In the last three weeks I was starting a new assignment that has to deal with text analytics and understanding in the context of Big Data, which is great, because the deeper knowledge of it will help me create open source tools for automated document review later on. But it also meant that I only had a couple hours to work on FreeEed in the evening, and that only for two evenings.

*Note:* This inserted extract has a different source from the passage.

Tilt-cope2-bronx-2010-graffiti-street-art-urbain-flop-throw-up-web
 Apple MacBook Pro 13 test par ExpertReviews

Nevertheless, this was enough. OpenOffice/LibreOffice are open source free applications that allow printing MS office documents to PDF, and JodConverter is a bridge that allows the code to talk to it. Altogether, printing is done with five lines of code. Here they are:


OfficeManager officeManager = new DefaultOfficeManagerConfiguration().buildOfficeManager();
officeManager.start();
OfficeDocumentConverter converter = new OfficeDocumentConverter(officeManager);
converter.convert(new File("test.odt"), new File("test.pdf");
officeManager.stop();
Taking out the start/stop code, you have just one line:
converter.convert(new File("test.odt"), new File("test.pdf");
That's it! One line of code (and lots of computing power) to convert all MS Office file formats to PDF. Isn't this amazing? Anytime you need more computing power, you get it from the cloud on the cheap, so FreeEed begins to really shine, because it is designed for parallel processing in the cloud.
Sometimes I wish that I would have more time for FreeEed, perhaps even doing it full-time. But then again, since I can do so much with the great open source tools, then maybe it is not even necessary.

3 comments:

Diane said...
This comment has been removed by the author.
Diane said...

If you're looking free online image converter there's a free online application that converts image formats. From there, you can convert it into anything else you want. It works very well on any platform.

Mark Kerzner said...

Diane,

we already have one, and it needs to be in Linux and integrate with our code, so online wont' work.